The other night I saw a political performance poet called Attila the Stockbroker doing a performance about, among other things, 'real women' who aren't complicit in their own objectification by the media - that is, who don't shave (as Crass put it, 'shaved women - collaborators!'), present as sexual objects etc.

Thing was, though, this was one of the most stereotypically 'masculine' performances I've ever seen - shouting aggressively into the mike, rhetoric about how 'I don't care what you think and even though I'm a man I can criticise women for this behaviour' etc.

Recent discussion on this list raised the same issues for me - that is, how does a 'man' (however defined) 'do' strong opposition to sexual and gender inequality, and also practice what they preach by not behaving like a stereotypical man in terms of aggression, domination, challenge etc?
On the one hand, rage is an important part of resistance to oppression. But on the other, traditionally, the expression of anger is an accepted male behaviour in a situation in which dominance is decided by strategies of verbal aggression. Is it any less oppressive for a 'man' to decide what a 'real woman' is, regardless of whether that's different from the sterotype? But we must accept that people who aren't speaking from personal experience have a valid viewpoint, inasmuch as any position is biased by the subject's experience.
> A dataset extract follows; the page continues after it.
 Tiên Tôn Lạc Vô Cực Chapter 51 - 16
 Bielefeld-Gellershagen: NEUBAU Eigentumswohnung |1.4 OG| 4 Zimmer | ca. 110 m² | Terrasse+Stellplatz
In terms of sexuality, I'd say the question that follows is whether a man who doesn't present in this way and is therefore read as 'gay', whatever the gender of people he chooses to have sex with, can feel mutual solidarity with and receive support from those who do identify as gay?

Is it possible to be 'straight and queer' as, for example, Eve Kosofsky Sedgwick's work seems to suggest?

In a society in which, for the most part, sexuality is essentialised such that non-sexual behaviour is considered as demonstrative of sexuality, you don't need to be same-sex-attracted to experience homophobia and have that experience shape your identity. At the same time, though, despite utopian views on a rainbow of genders and sexualities, we as humans need categorisations in order to live our lives, and indeed without solidarity based on categorisaton there can be no organised resistance to oppression.

So I guess the question I'm asking is, how do we address these related (I hope) issues in an era in which binaries of sexuality and gender are simultaneously being destabilised and reified?